## Problem description:
The reply must reproduce each line below exactly.
Exercise inputs below:
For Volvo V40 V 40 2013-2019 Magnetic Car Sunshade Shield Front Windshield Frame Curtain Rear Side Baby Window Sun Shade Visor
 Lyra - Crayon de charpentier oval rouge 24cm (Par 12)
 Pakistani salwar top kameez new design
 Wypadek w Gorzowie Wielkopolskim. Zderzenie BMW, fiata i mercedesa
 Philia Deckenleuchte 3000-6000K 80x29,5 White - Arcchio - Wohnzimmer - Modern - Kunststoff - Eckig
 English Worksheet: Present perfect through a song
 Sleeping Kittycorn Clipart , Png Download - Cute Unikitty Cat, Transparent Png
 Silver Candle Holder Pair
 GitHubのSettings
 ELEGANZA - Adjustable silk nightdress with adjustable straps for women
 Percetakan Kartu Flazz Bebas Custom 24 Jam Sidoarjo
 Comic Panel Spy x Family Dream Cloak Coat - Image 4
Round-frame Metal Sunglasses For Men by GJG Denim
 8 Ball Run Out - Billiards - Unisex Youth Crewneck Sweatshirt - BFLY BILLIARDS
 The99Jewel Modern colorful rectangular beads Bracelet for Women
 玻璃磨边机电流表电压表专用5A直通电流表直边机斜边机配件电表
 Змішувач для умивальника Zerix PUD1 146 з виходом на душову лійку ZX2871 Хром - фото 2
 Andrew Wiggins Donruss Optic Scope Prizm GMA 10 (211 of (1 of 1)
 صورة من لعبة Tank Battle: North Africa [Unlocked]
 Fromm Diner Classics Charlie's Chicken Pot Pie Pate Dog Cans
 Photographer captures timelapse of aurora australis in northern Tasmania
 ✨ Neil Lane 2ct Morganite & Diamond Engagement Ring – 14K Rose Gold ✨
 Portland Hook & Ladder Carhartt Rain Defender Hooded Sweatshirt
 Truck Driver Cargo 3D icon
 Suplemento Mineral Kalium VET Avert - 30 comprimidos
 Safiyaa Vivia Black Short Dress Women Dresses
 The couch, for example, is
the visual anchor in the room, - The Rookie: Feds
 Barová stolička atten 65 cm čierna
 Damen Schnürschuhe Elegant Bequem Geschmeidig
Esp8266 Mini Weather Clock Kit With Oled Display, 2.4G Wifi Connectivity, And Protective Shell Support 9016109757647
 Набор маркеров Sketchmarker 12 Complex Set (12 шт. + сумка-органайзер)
End of Exercise inputs.
## Response below:
For Volvo V40 V 40 2013-2019 Magnetic Car Sunshade Shield Front Windshield Frame Curtain Rear Side Baby Window Sun Shade Visor
 Lyra - Crayon de charpentier oval rouge 24cm (Par 12)
 Pakistani salwar top kameez new design
 Wypadek w Gorzowie Wielkopolskim. Zderzenie BMW, fiata i mercedesa
 Philia Deckenleuchte 3000-6000K 80x29,5 White - Arcchio - Wohnzimmer - Modern - Kunststoff - Eckig
 English Worksheet: Present perfect through a song
 Sleeping Kittycorn Clipart , Png Download - Cute Unikitty Cat, Transparent Png
 Silver Candle Holder Pair
 GitHubのSettings
 ELEGANZA - Adjustable silk nightdress with adjustable straps for women
 Percetakan Kartu Flazz Bebas Custom 24 Jam Sidoarjo
 Comic Panel Spy x Family Dream Cloak Coat - Image 4
Round-frame Metal Sunglasses For Men by GJG Denim
 8 Ball Run Out - Billiards - Unisex Youth Crewneck Sweatshirt - BFLY BILLIARDS
 The99Jewel Modern colorful rectangular beads Bracelet for Women
 玻璃磨边机电流表电压表专用5A直通电流表直边机斜边机配件电表
 Змішувач для умивальника Zerix PUD1 146 з виходом на душову лійку ZX2871 Хром - фото 2
 Andrew Wiggins Donruss Optic Scope Prizm GMA 10 (211 of (1 of 1)
 صورة من لعبة Tank Battle: North Africa [Unlocked]
 Fromm Diner Classics Charlie's Chicken Pot Pie Pate Dog Cans
 Photographer captures timelapse of aurora australis in northern Tasmania
 ✨ Neil Lane 2ct Morganite & Diamond Engagement Ring – 14K Rose Gold ✨
 Portland Hook & Ladder Carhartt Rain Defender Hooded Sweatshirt
 Truck Driver Cargo 3D icon
 Suplemento Mineral Kalium VET Avert - 30 comprimidos
 Safiyaa Vivia Black Short Dress Women Dresses
 The couch, for example, is
the visual anchor in the room, - The Rookie: Feds
 Barová stolička atten 65 cm čierna
 Damen Schnürschuhe Elegant Bequem Geschmeidig
Esp8266 Mini Weather Clock Kit With Oled Display, 2.4G Wifi Connectivity, And Protective Shell Support 9016109757647
 Набор маркеров Sketchmarker 12 Complex Set (12 шт. + сумка-органайзер)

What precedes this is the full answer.